§ **Problem statement**: Please retype the entries below exactly, only from their first line through the line containing "ECKSOFA Cosy Blau", leaving every picture out.

[Start of section]

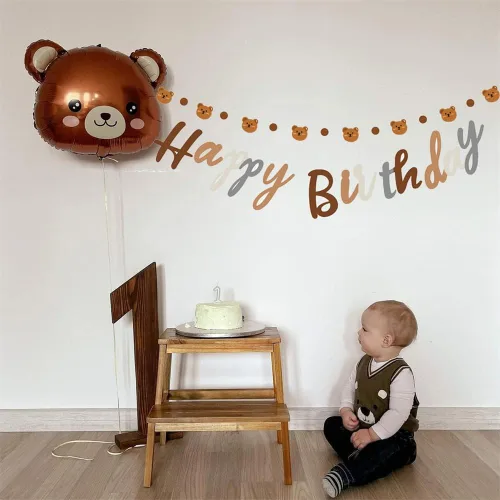 Miniatura 8 de Cartel de feliz cumpleaños con tema de oso con lindo cartel de oso, decoración de banderines para fiesta de cumpleaños, suministros para fiesta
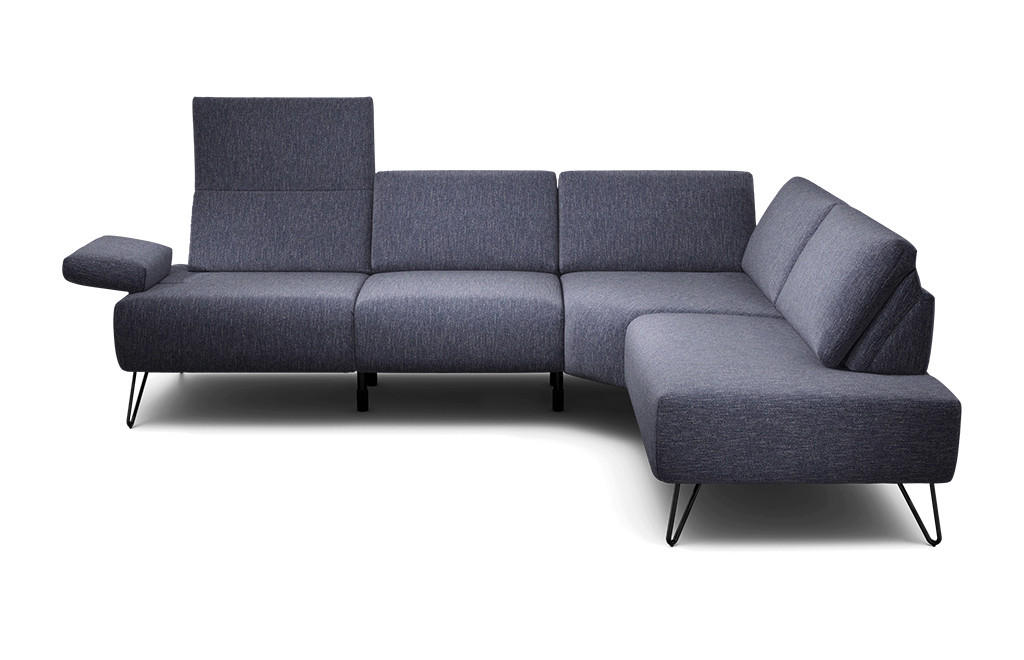 ECKSOFA Cosy Blau Chenille  - Blau/Schwarz, Design, Textil/Metall (248-263/193cm) - SENSOO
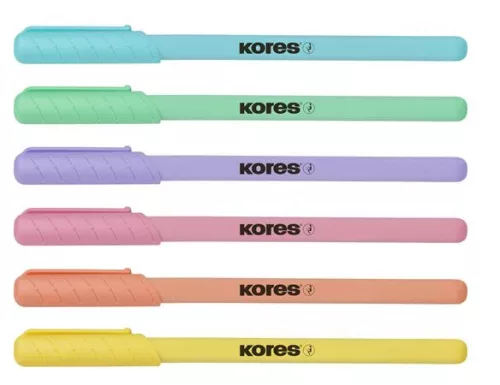 Golyóstoll, 1,0 mm, kupakos, háromszögletű, KORES "KOR-M Pastel", kék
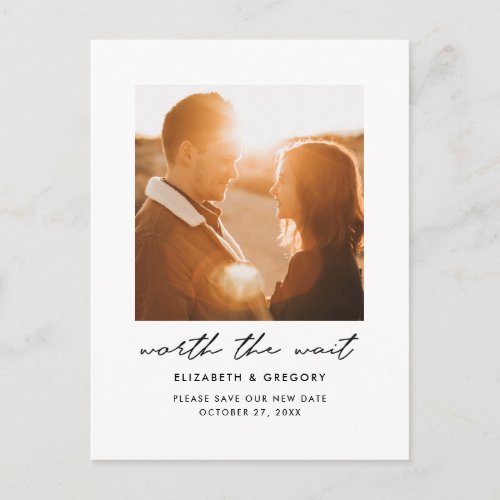 Worth the Wait Wedding Change the Date Announcement Postcard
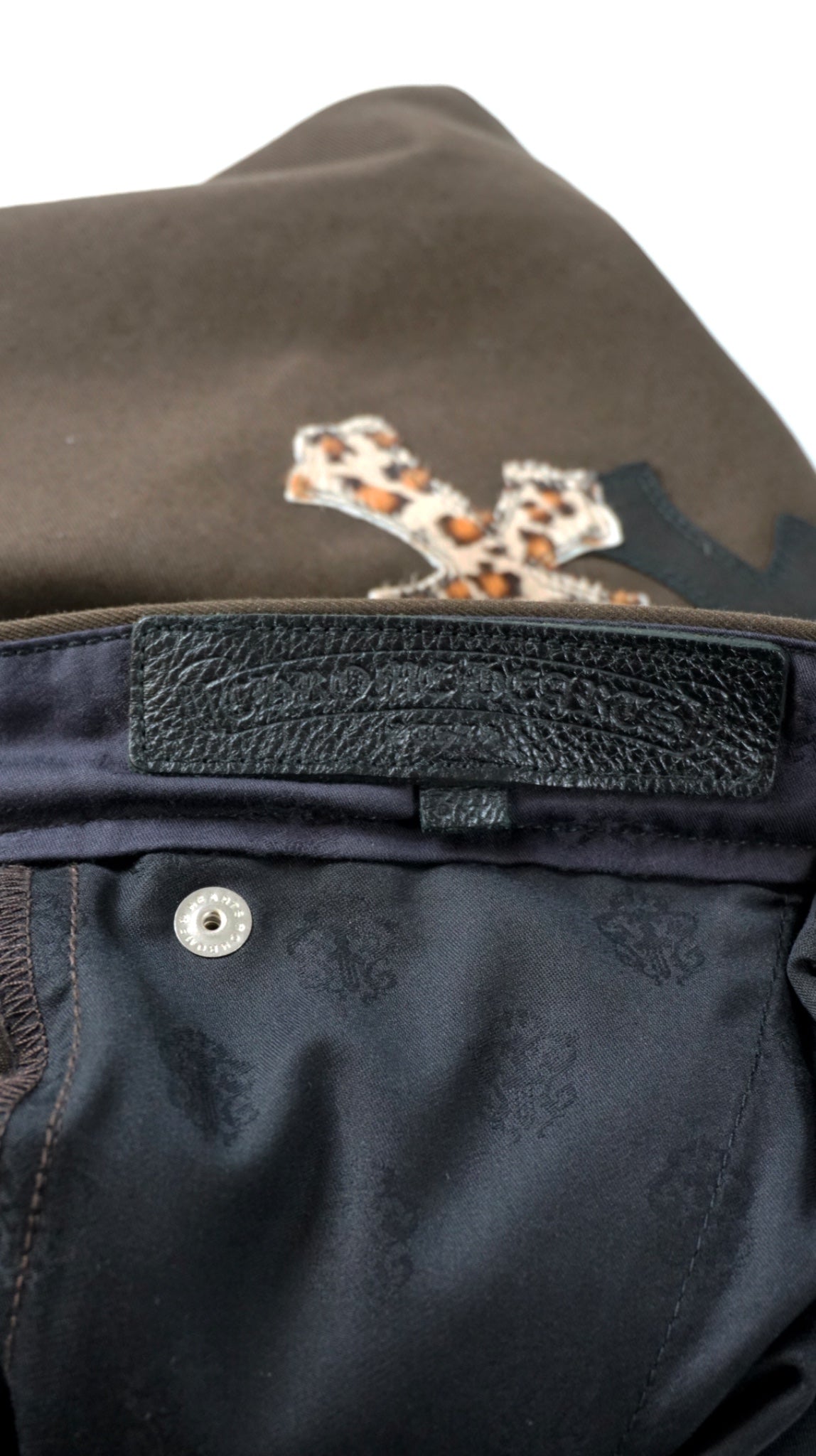 Brown Cheetah Cross Patch Chino Pants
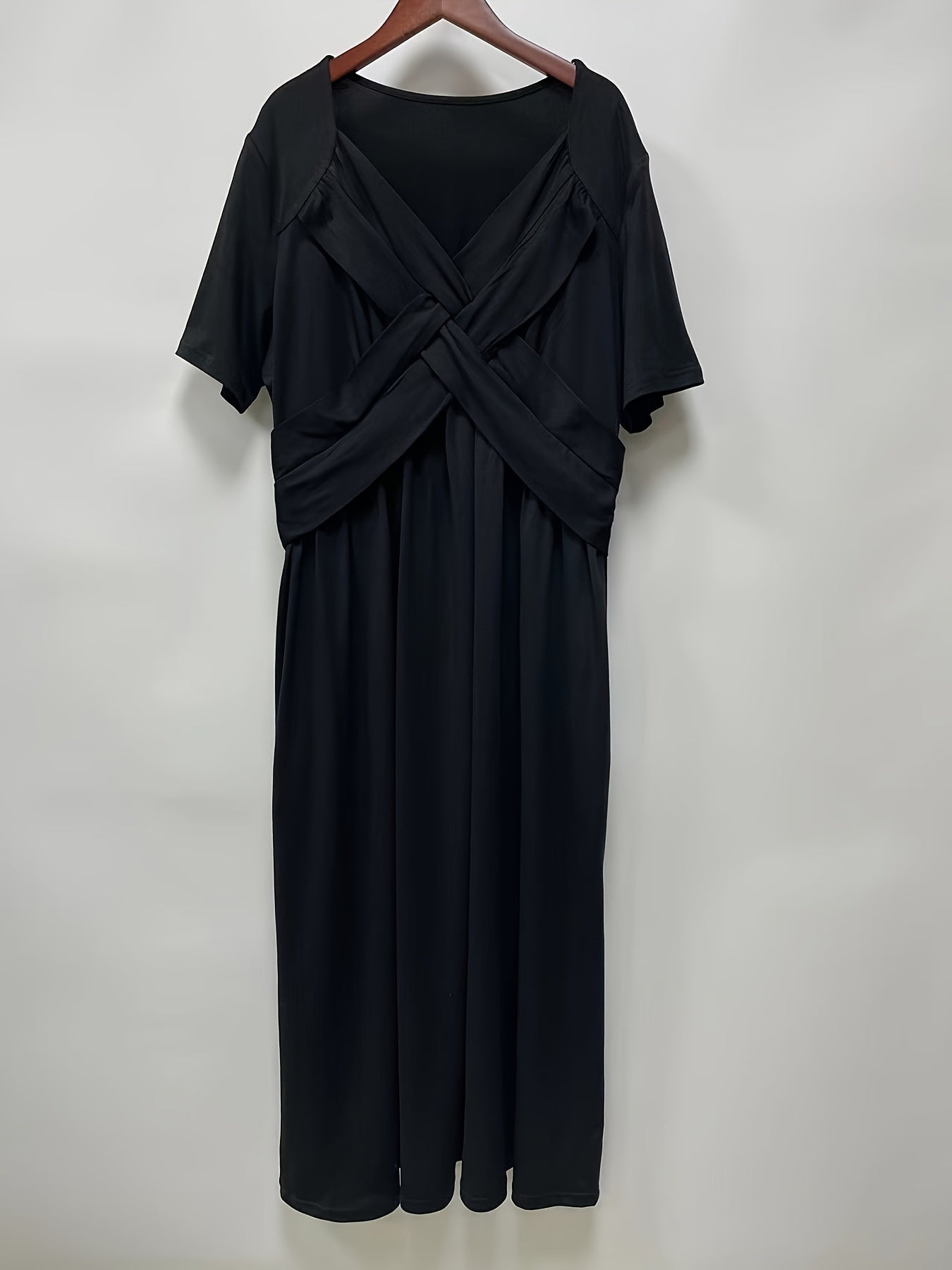 Solid V Neck Dress, Casual Criss Cross Short Sleeve Dress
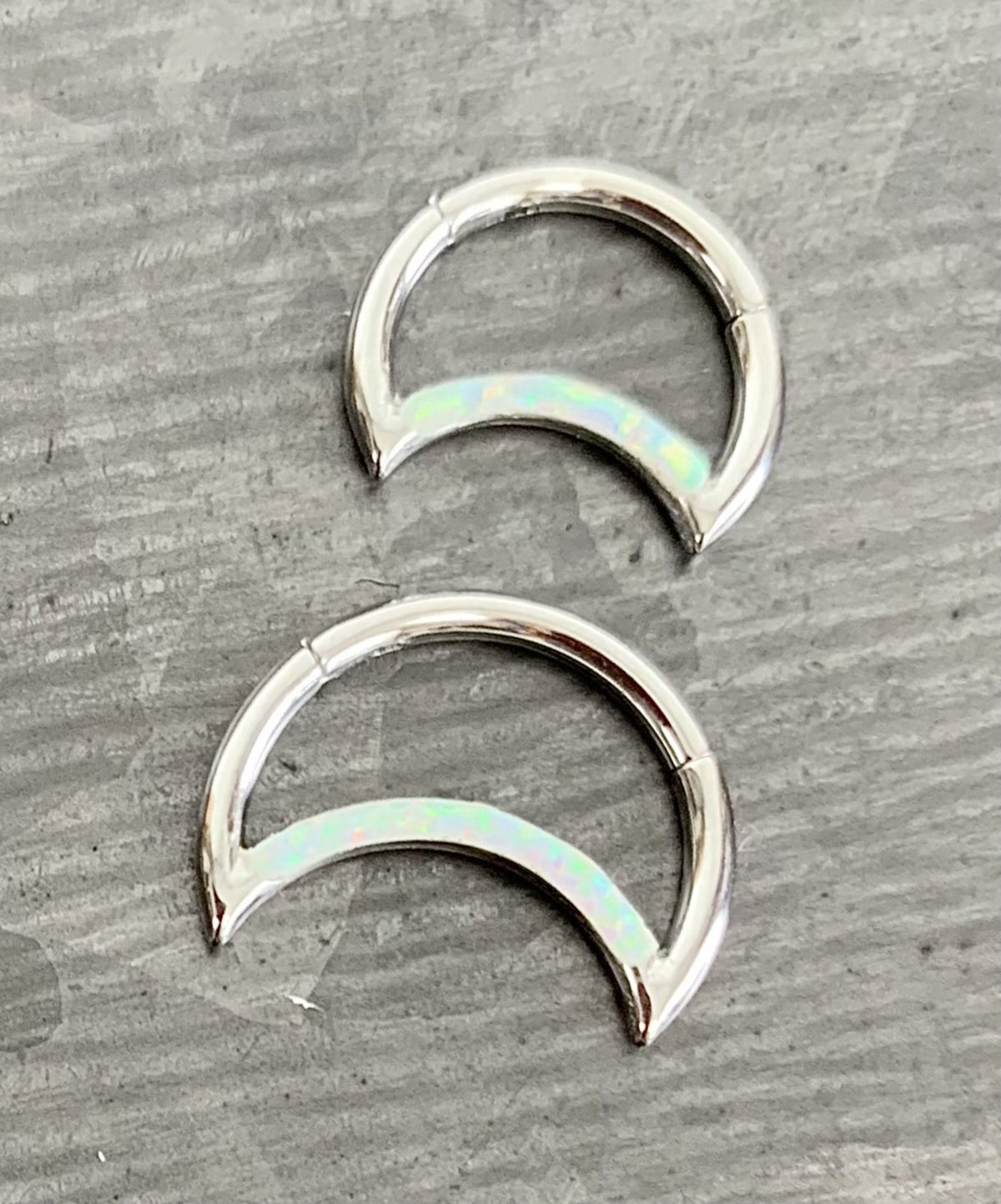 1 Piece Stunning Crescent Moon Opal Steel Front Hinged Segment Ring -16g - Choose 8mm or 10mm - Can be used for Septum, Helix & Daith!
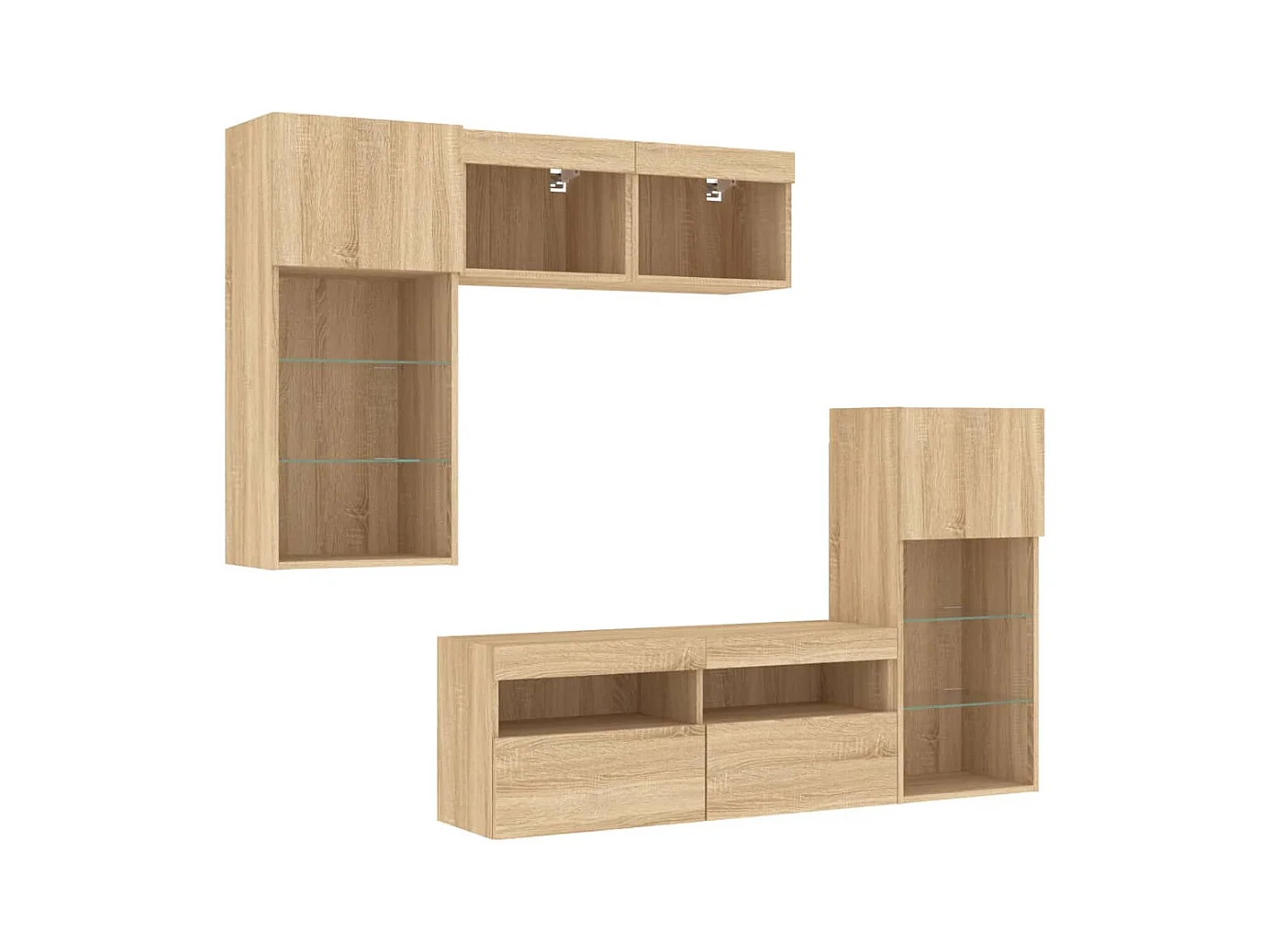 Muebles de pared para TV con LED, 5 piezas, madera de ingeniería de roble sonoma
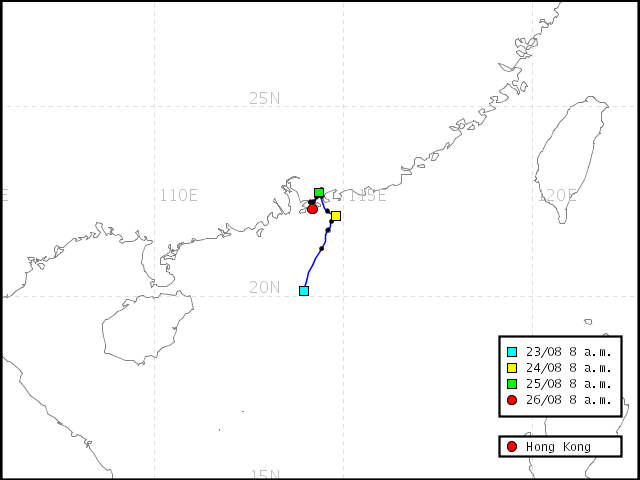 在2007年8月26日上午8時，到達香港氣團的過去72小時反軌跡路線
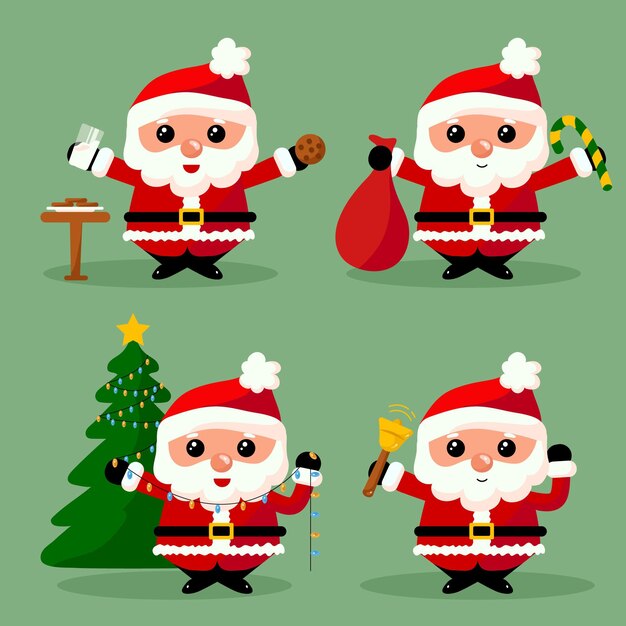 Flat design santa claus character collection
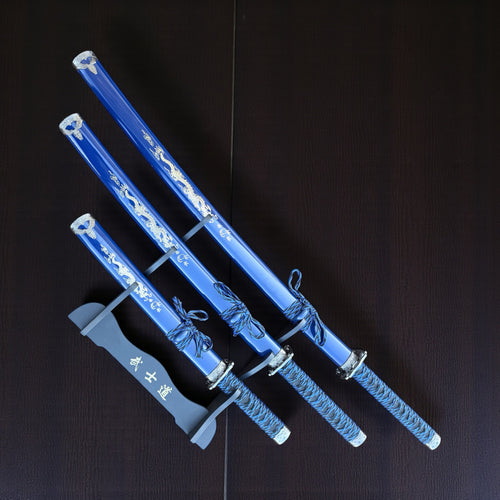 3Pc Blue Dragon Design Japanese Samurai Katana Sword Set Ninja Style with Display Stand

[End of section]

§ **Result of this task**:
 Miniatura 8 de Cartel de feliz cumpleaños con tema de oso con lindo cartel de oso, decoración de banderines para fiesta de cumpleaños, suministros para fiesta
 ECKSOFA Cosy Blau Chenille  - Blau/Schwarz, Design, Textil/Metall (248-263/193cm) - SENSOO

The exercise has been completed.